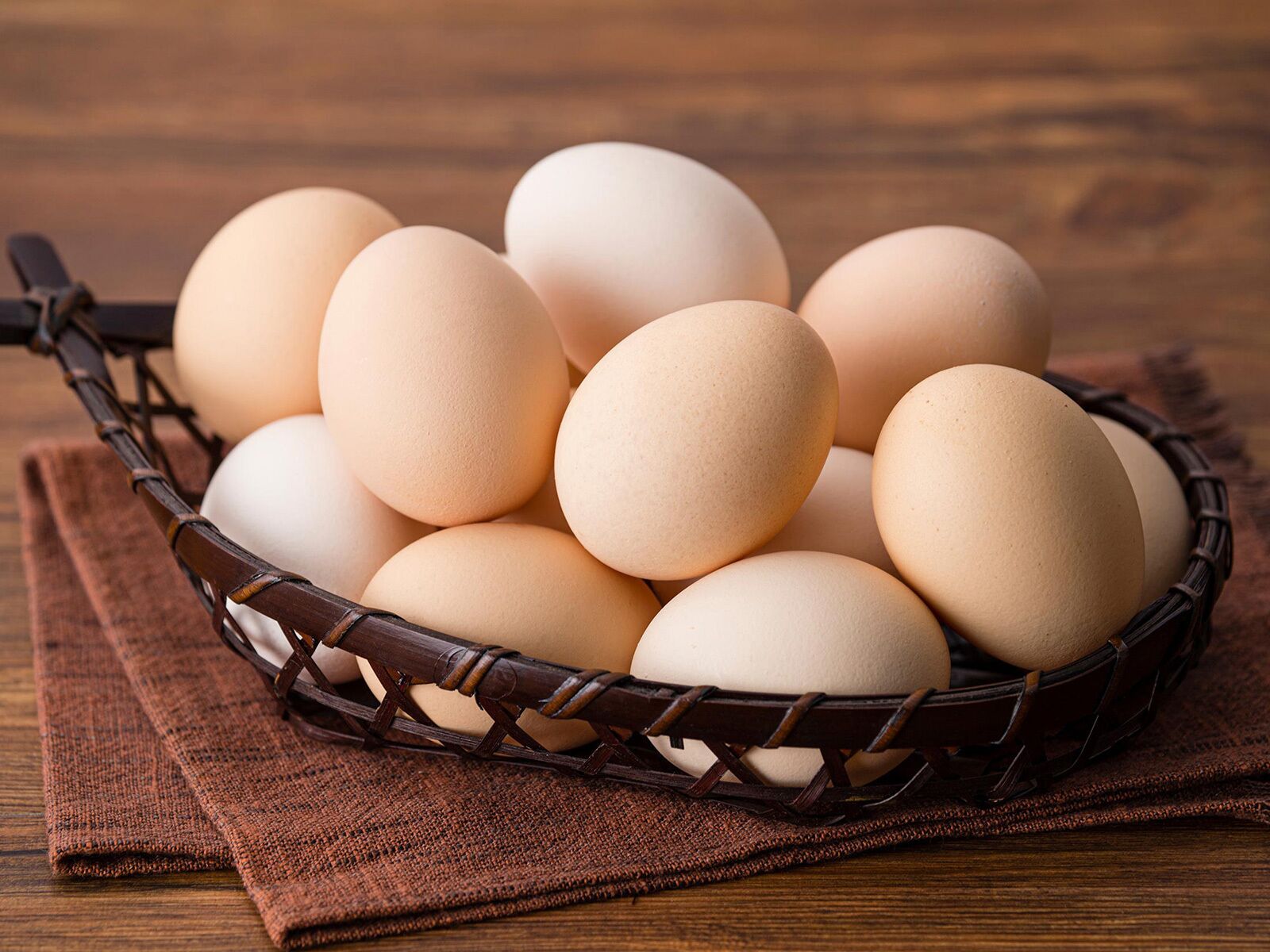 A basket of eggs on a wooden surface.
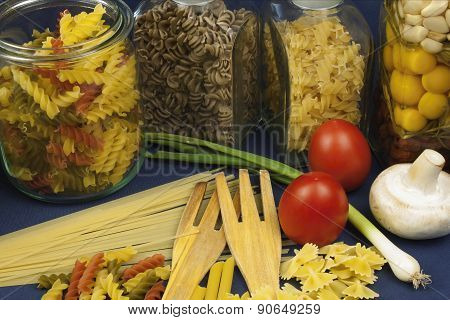 different kinds of pasta on the table, together with vegetables, ready for cooking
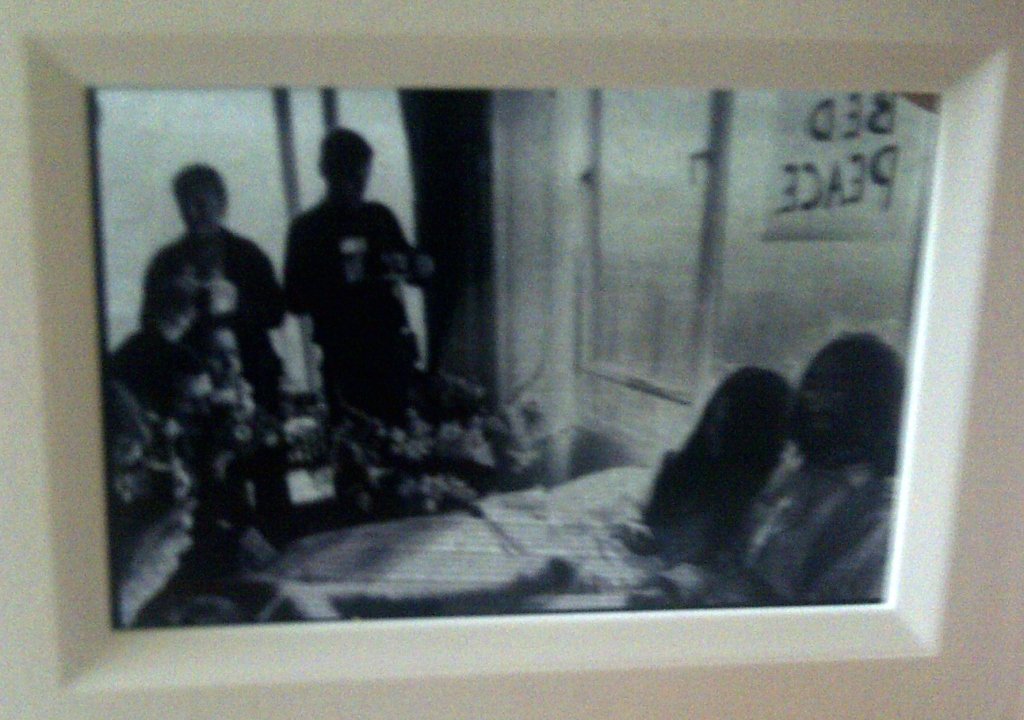 John Lennon/Yoko Ono Amsterdam bed in negative: A 35mm negative of John Lennon and Yoko Ono peace demostration - 25th March 1969. Having been driven from Paris to Amsterdam early in the morning, John Lennon and Yoko Ono checked into the Hilton Hote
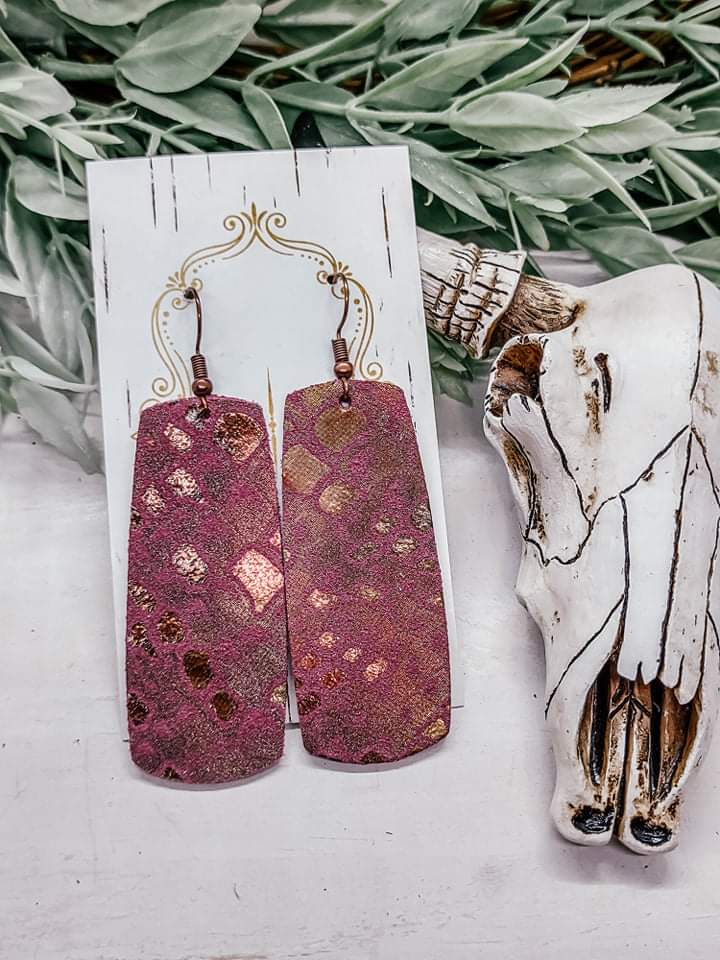 These earrings are a great way to add some fun to your outfit! They are made of nickel and lead free hardware. These earrings are also made of hypoallergenic settings and surgical steel posts with clear backings.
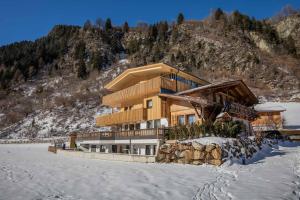 un edificio en la nieve frente a una montaña en Gästehaus Haus Barbara, en Neustift im Stubaital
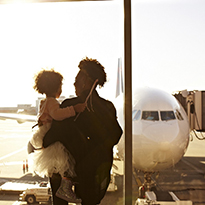 A person holding a child looking at an airplane at the airport.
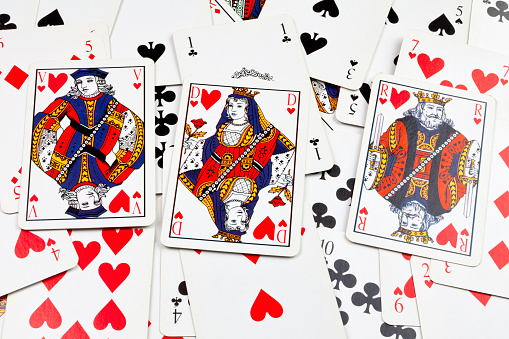 Stack of playing cards with on the top, the jack, queen, and king of heart.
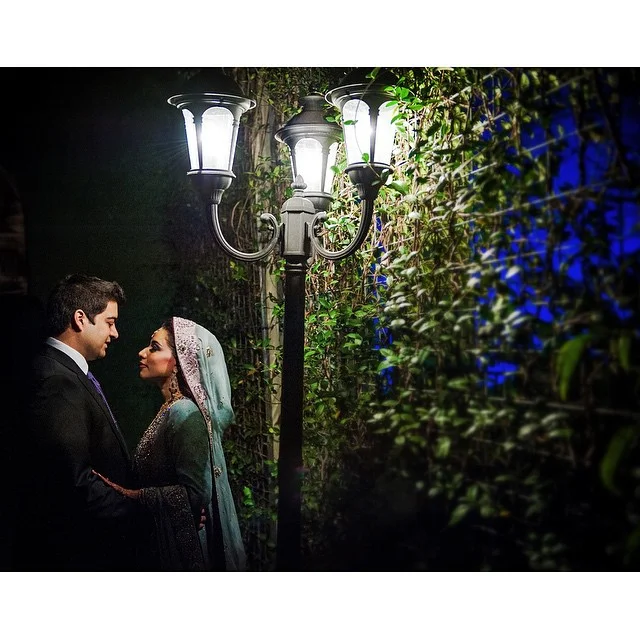 Couple embracing under the lamp in the Waterwall garden bar area at The Bell Tower on 34th, Houston, TX.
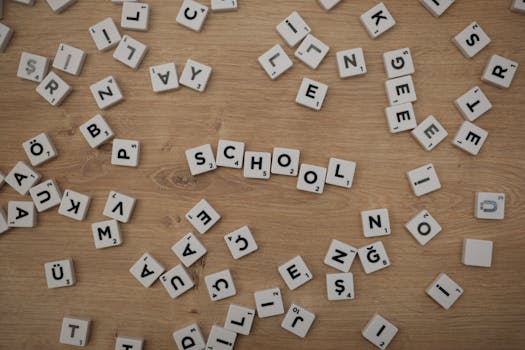 Scattered Scrabble tiles on wood with 'School' spelled out, ideal for educational themes.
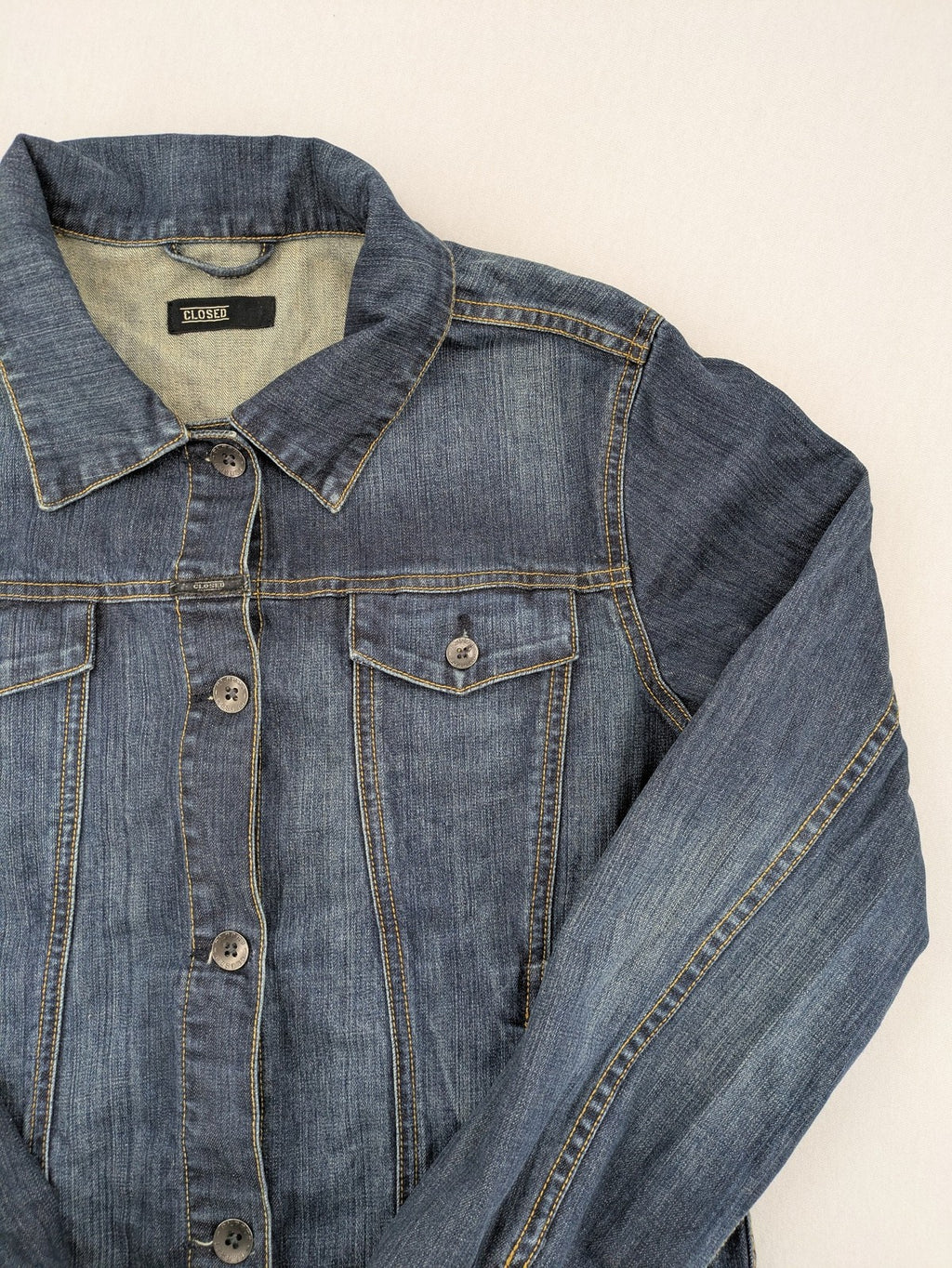 CLOSED blue denim trucker jacket with button front and two chest pockets.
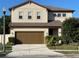 Inviting two-story home featuring a well-manicured lawn, brown accents, and an attached two-car garage at 2211 Bittle Way, St Cloud, FL 34769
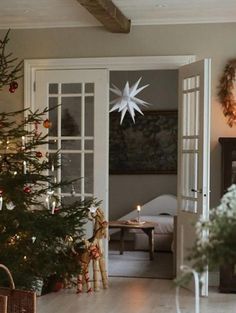 a living room with a christmas tree in the corner and other decorations on the wall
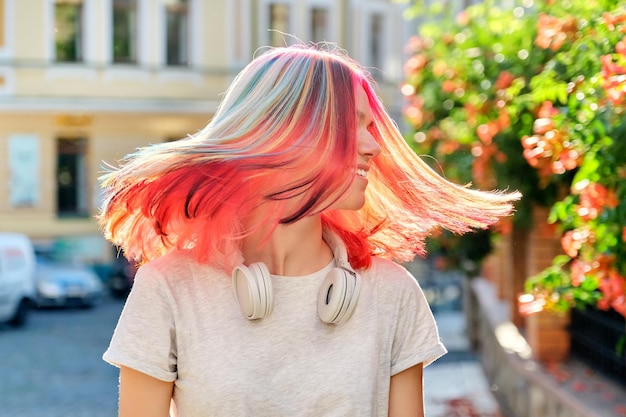 Hairstyles, hairs, fashion, trends, coloring. Close-up of fluttering colored dyed hair of young woman on sunny city street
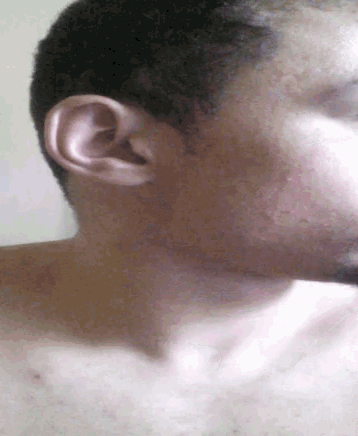a close up of a man 's ear with a beard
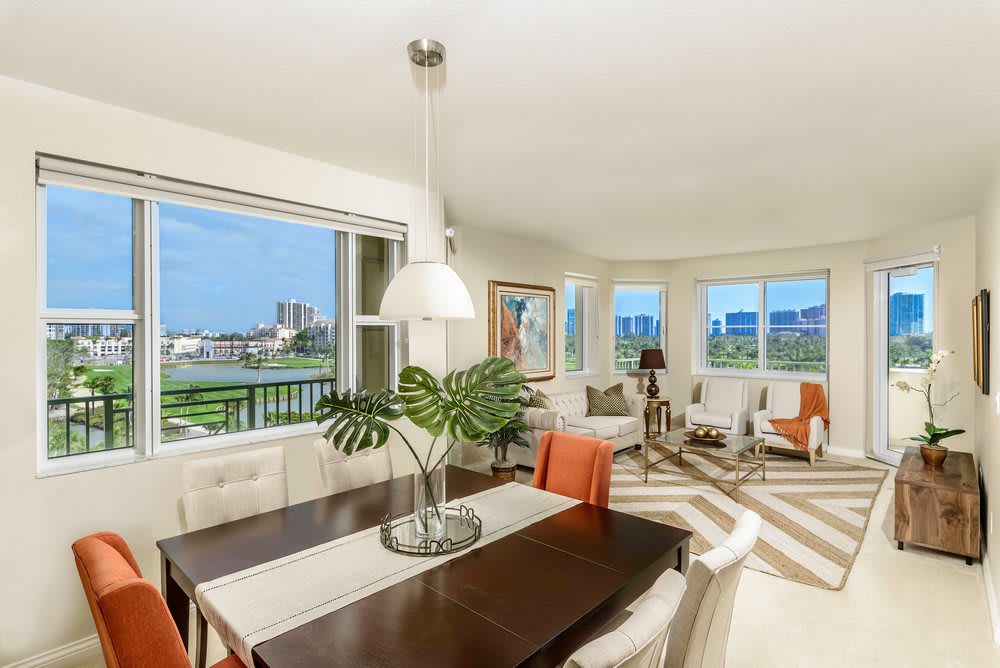 A modern living and dining area with large windows offering a city view, filled with natural light and decorated in neutral tones.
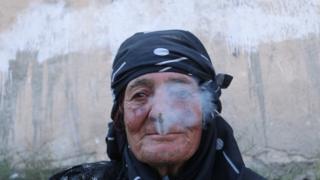 Une femme fume une cigarette, un acte qui était interdit sous l'Etat islamique.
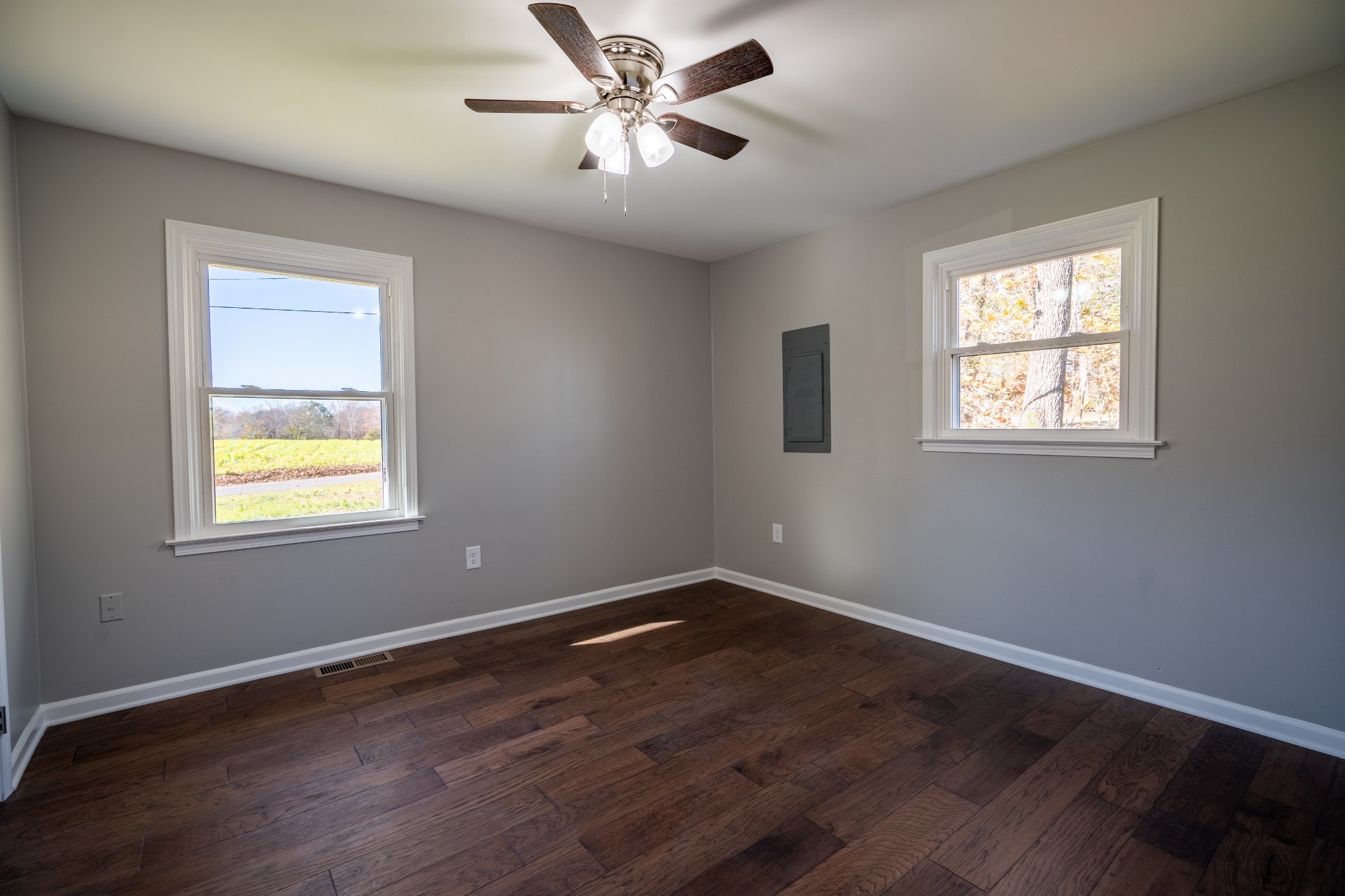 3993 Clanton Road Lawrenceburg, TN 38464 - Photo 17 of 24 a view of an empty room with wooden floor and a window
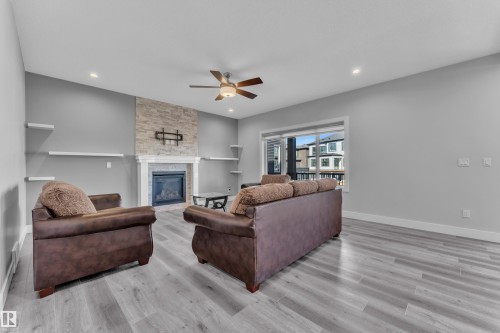 Spacious living area featuring light wood-finish flooring, a stone-accented fireplace with a white mantel, recessed ceiling lights, a ceiling fan, and a large window - 4403 Triomphe Gate, Beaumont, AB - Indoor Photo Showing Living Room With Fireplace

# WORK ORDER
Return every record above exactly as written, but drop the pictures.

# REPLY
 A basket of eggs on a wooden surface.
 different kinds of pasta on the table, together with vegetables, ready for cooking
 John Lennon/Yoko Ono Amsterdam bed in negative: A 35mm negative of John Lennon and Yoko Ono peace demostration - 25th March 1969. Having been driven from Paris to Amsterdam early in the morning, John Lennon and Yoko Ono checked into the Hilton Hote
 These earrings are a great way to add some fun to your outfit! They are made of nickel and lead free hardware. These earrings are also made of hypoallergenic settings and surgical steel posts with clear backings.
 un edificio en la nieve frente a una montaña en Gästehaus Haus Barbara, en Neustift im Stubaital
 A person holding a child looking at an airplane at the airport.
 Stack of playing cards with on the top, the jack, queen, and king of heart.
 Couple embracing under the lamp in the Waterwall garden bar area at The Bell Tower on 34th, Houston, TX.
 Scattered Scrabble tiles on wood with 'School' spelled out, ideal for educational themes.
 CLOSED blue denim trucker jacket with button front and two chest pockets.
 Inviting two-story home featuring a well-manicured lawn, brown accents, and an attached two-car garage at 2211 Bittle Way, St Cloud, FL 34769
 a living room with a christmas tree in the corner and other decorations on the wall
 Hairstyles, hairs, fashion, trends, coloring. Close-up of fluttering colored dyed hair of young woman on sunny city street
a close up of a man 's ear with a beard
 A modern living and dining area with large windows offering a city view, filled with natural light and decorated in neutral tones.
 Une femme fume une cigarette, un acte qui était interdit sous l'Etat islamique.
 3993 Clanton Road Lawrenceburg, TN 38464 - Photo 17 of 24 a view of an empty room with wooden floor and a window
 Spacious living area featuring light wood-finish flooring, a stone-accented fireplace with a white mantel, recessed ceiling lights, a ceiling fan, and a large window - 4403 Triomphe Gate, Beaumont, AB - Indoor Photo Showing Living Room With Fireplace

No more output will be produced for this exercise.